◆ ASSIGNED TASK
Give back the full listing verbatim, apart from its images.

◆ AVAILABLE DATA
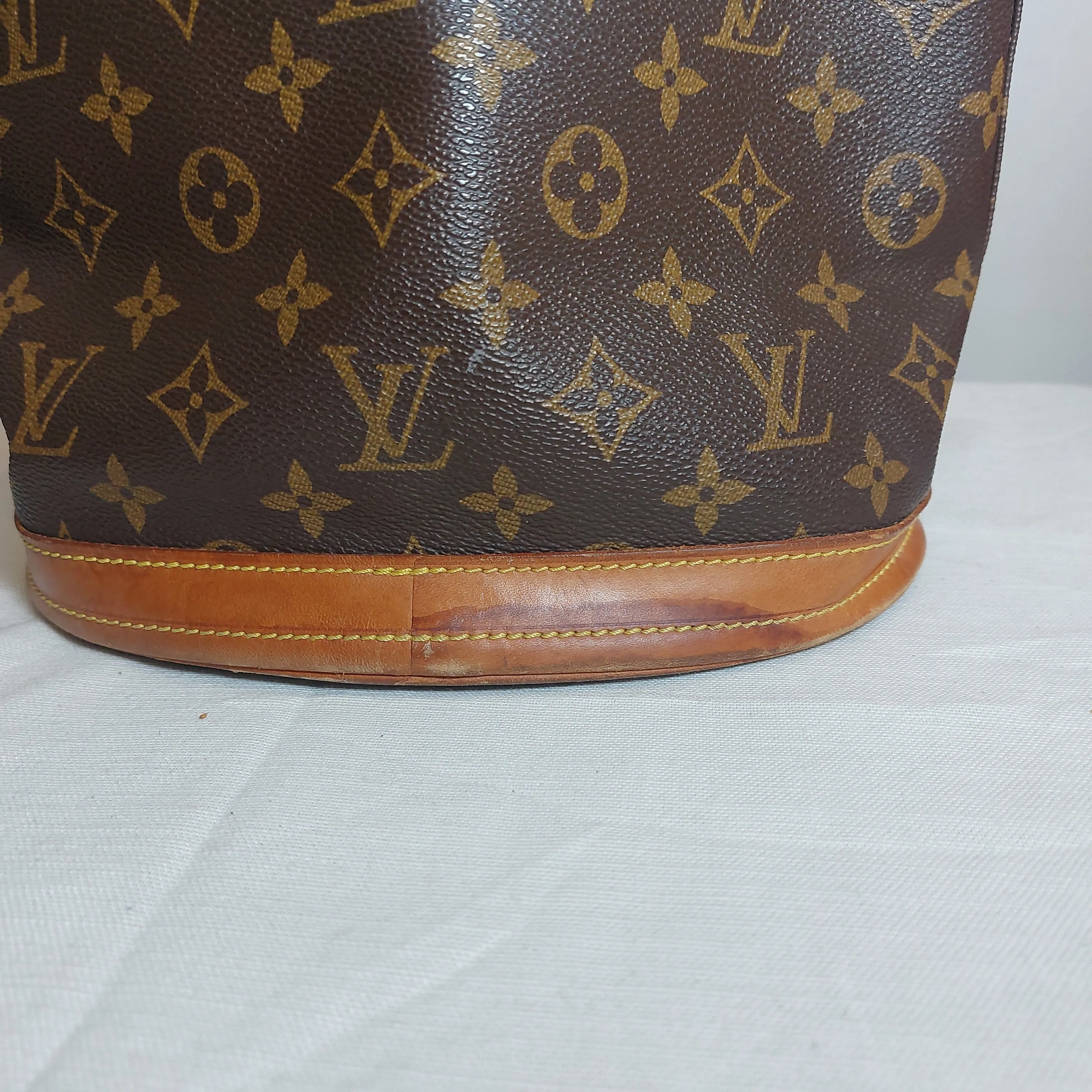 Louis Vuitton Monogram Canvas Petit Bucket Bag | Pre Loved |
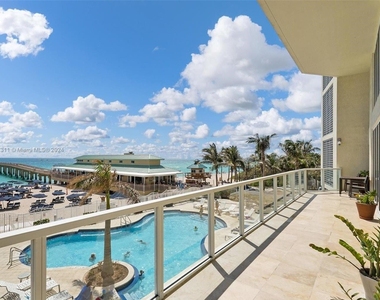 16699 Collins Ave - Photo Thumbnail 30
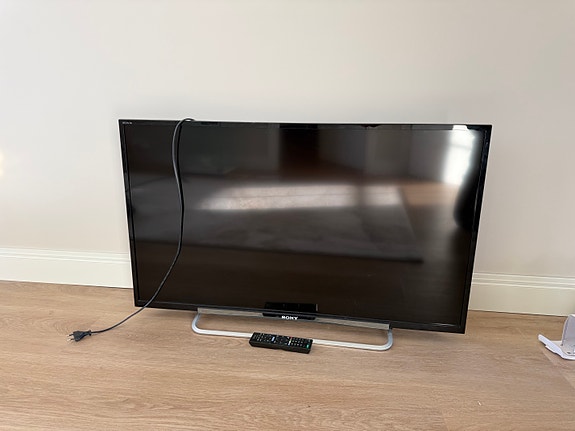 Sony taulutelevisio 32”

◆ OUTPUT OF THE EXERCISE
 Louis Vuitton Monogram Canvas Petit Bucket Bag | Pre Loved |
 16699 Collins Ave - Photo Thumbnail 30
 Sony taulutelevisio 32”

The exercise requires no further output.